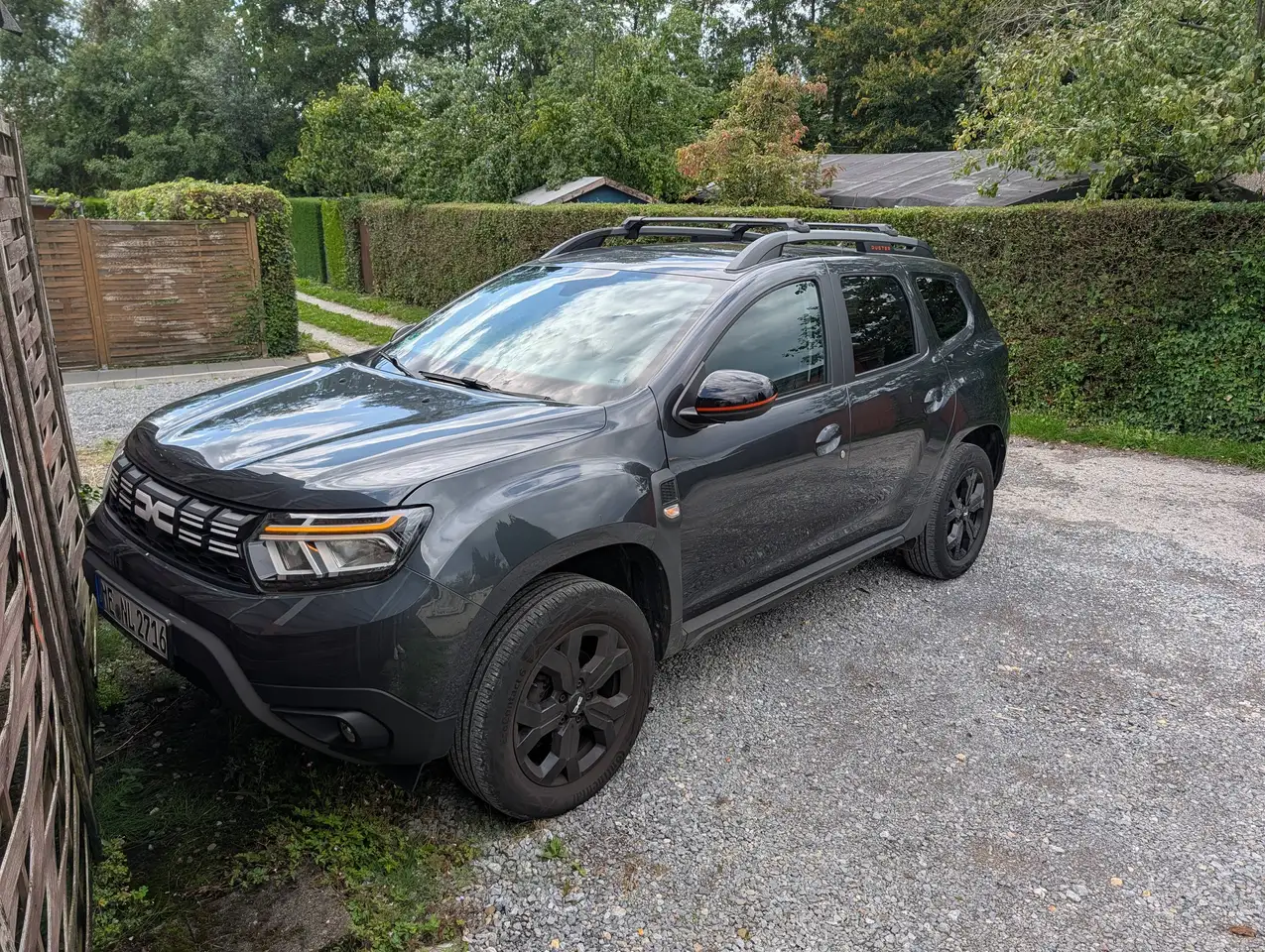 Dacia Duster Extreme TCe 100 Eco-G — photo 1 of 11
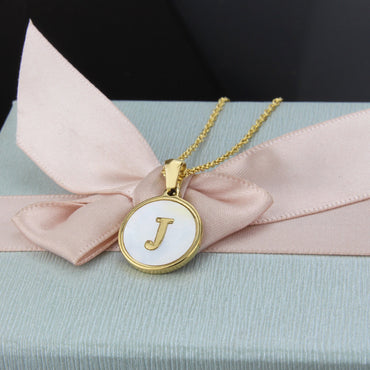 Simple Style Letter Titanium Steel Plating Inlaid Shell Necklace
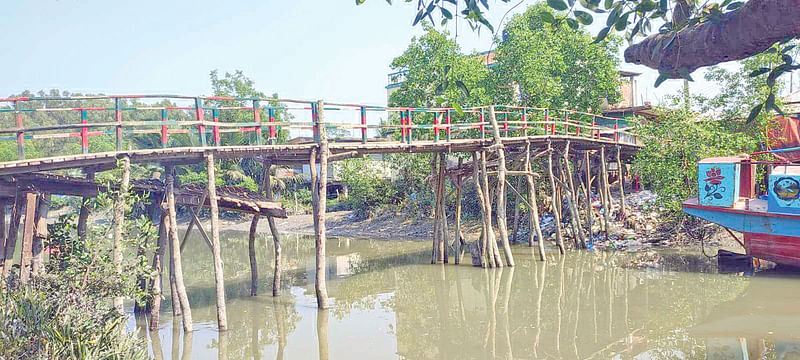 পটুয়াখালীর রাঙ্গাবালীর গহিনখালী খালের ওপর সেতুটি এখন বেহাল। গাছের গুঁড়ির সঙ্গে বেঁধে সেতুটি দাঁড় করিয়ে রাখা হয়েছে। সাম্প্রতিক ছবি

________________________________________

▸ **Your objective**
Output only the lines that run from the line containing "Simple Style Letter" to the last line of the data, exactly as they stand and without pictures.

▸ **Output of the task**
 Simple Style Letter Titanium Steel Plating Inlaid Shell Necklace
 পটুয়াখালীর রাঙ্গাবালীর গহিনখালী খালের ওপর সেতুটি এখন বেহাল। গাছের গুঁড়ির সঙ্গে বেঁধে সেতুটি দাঁড় করিয়ে রাখা হয়েছে। সাম্প্রতিক ছবি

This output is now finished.